From another article:
After all, the reason the winger crowd can’t find a way to be coherently angry right now is because this country has no healthy avenues for genuine populist outrage. It never has. The setup always goes the other way: when the excesses of business interests and their political proteges in Washington leave the regular guy broke and screwed, the response is always for the lower and middle classes to split down the middle and find reasons to get pissed off not at their greedy bosses but at each other. That’s why even people like Beck’s audience, who I’d wager are mostly lower-income people, can’t imagine themselves protesting against the Wall Street barons who in actuality are the ones who fucked them over. Beck pointedly compared the AIG protesters to Bolsheviks: “[The Communists] basically said ‘Eat the rich, they did this to you, get ‘em, kill ‘em!’” He then said the AIG and G20 protesters were identical: “It’s a different style, but the sentiments are exactly the same: Find ‘em, get ‘em, kill ‘em!’” Beck has an audience that’s been trained that the rich are not appropriate targets for anger, unless of course they’re Hollywood liberals, or George Soros, or in some other way linked to some acceptable class of villain, to liberals, immigrants, atheists, etc. — Ted Turner, say, married to Jane Fonda.

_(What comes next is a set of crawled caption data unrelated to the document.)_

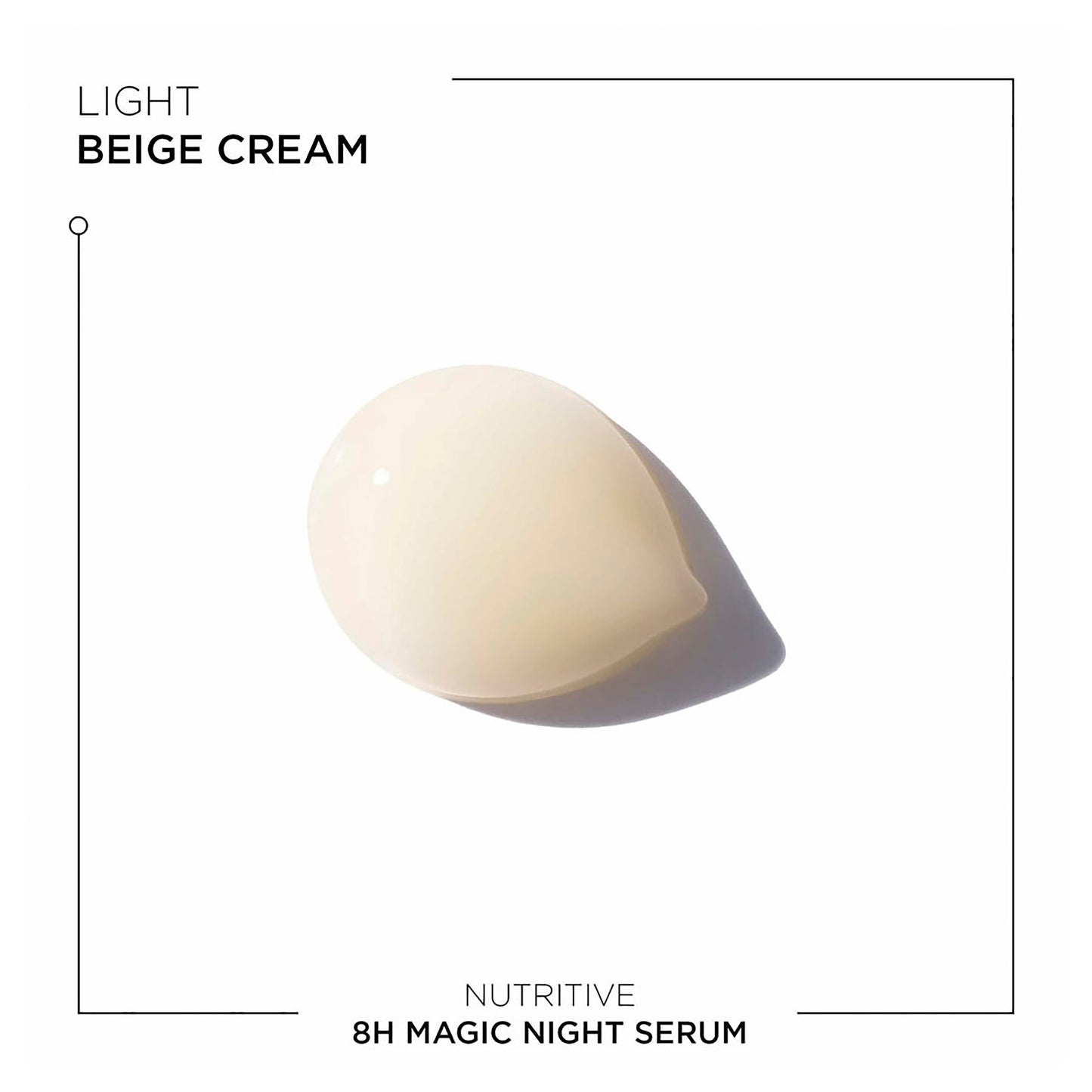 NUTRITIVE 8H MAGIC NIGHT SERUM 90ml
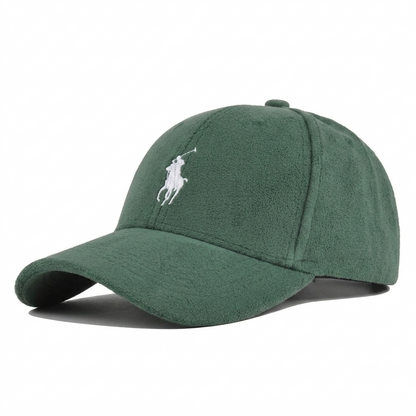 Siena Wildleder-Cap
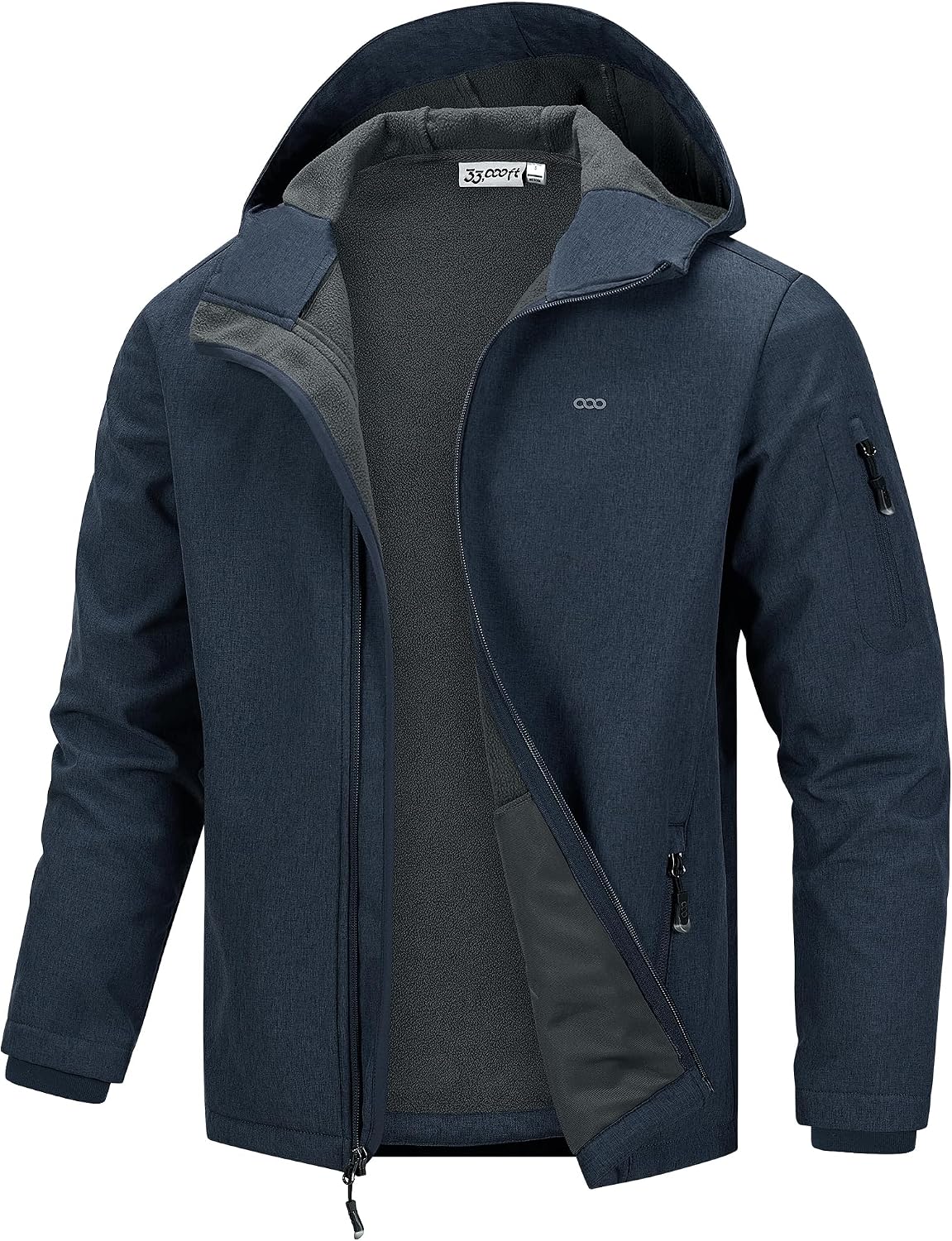 Thumbnail 5 de 33,000ft Men’s Waterproof Softshell Jacket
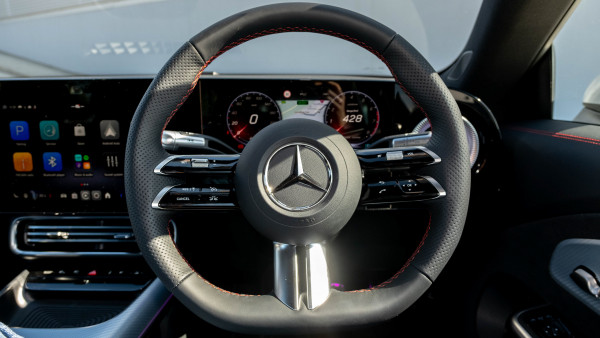2026 MY25 Mercedes-Benz CLA-Class C118 CLA200 Sedan image 20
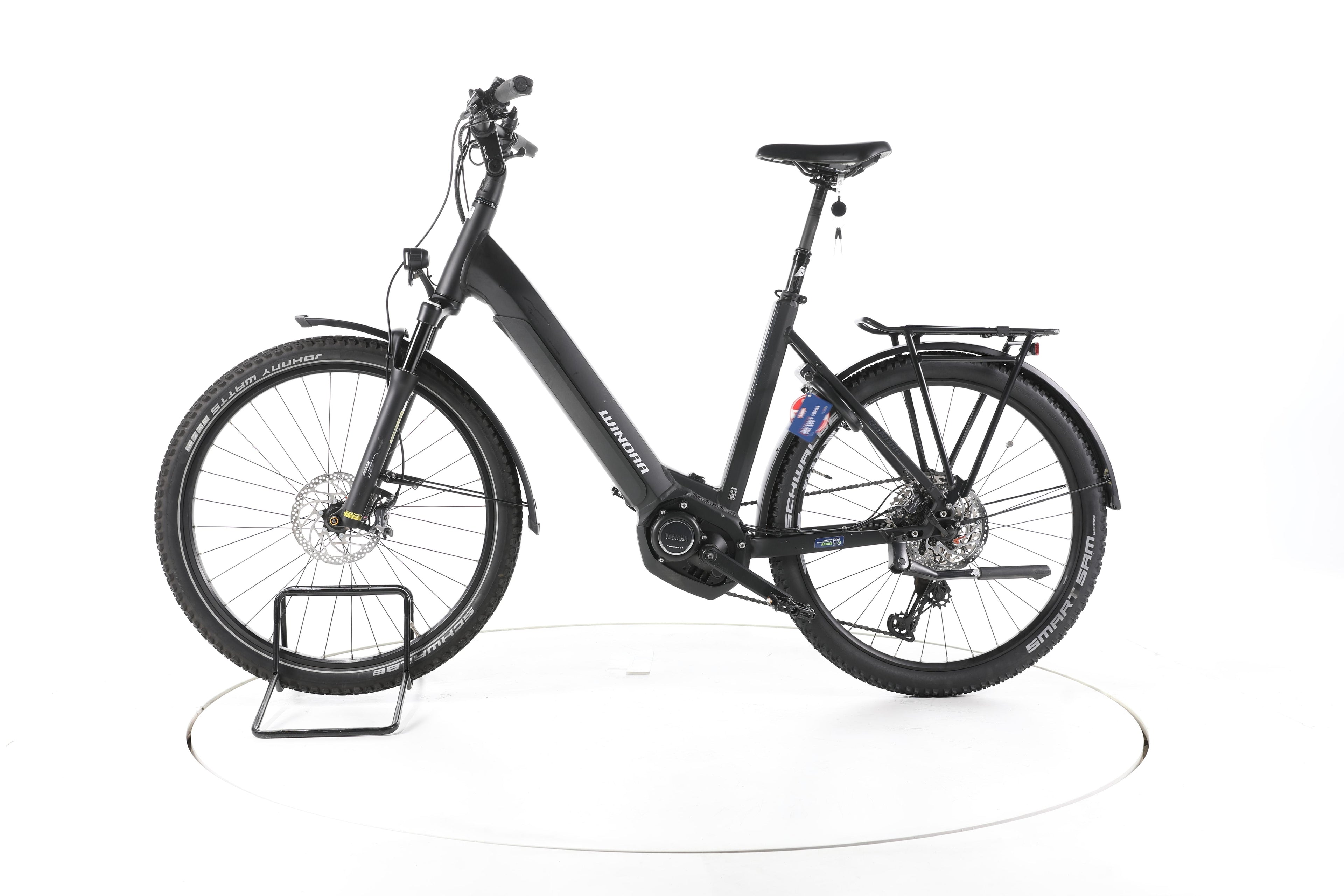 Winora Yucatan 12 Pro Trekking E-Bike Tiefeinsteiger - Image 7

But actual rich people can’t ever be the target. It’s a classic peasant mentality: going into fits of groveling and bowing whenever the master’s carriage rides by, then fuming against the Turks in Crimea or the Jews in the Pale or whoever after spending fifteen hard hours in the fields. You know you’re a peasant when you worship the very people who are right now, this minute, conning you and taking your shit. Whatever the master does, you’re on board. When you get frisky, he sticks a big cross in the middle of your village, and you spend the rest of your life praying to it with big googly eyes. Or he puts out newspapers full of innuendo about this or that faraway group and you immediately salute and rush off to join the hate squad. A good peasant is loyal, simpleminded, and full of misdirected anger. And that’s what we’ve got now, a lot of misdirected anger searching around for a non-target to mis-punish… can’t be mad at AIG, can’t be mad at Citi or Goldman Sachs. The real villains have to be the anti-AIG protesters! After all, those people earned those bonuses! If ever there was a textbook case of peasant thinking, it’s struggling middle-class Americans burned up in defense of taxpayer-funded bonuses to millionaires. It’s really weird stuff. And bound to get weirder, I imagine, as this crisis gets worse and more complicated.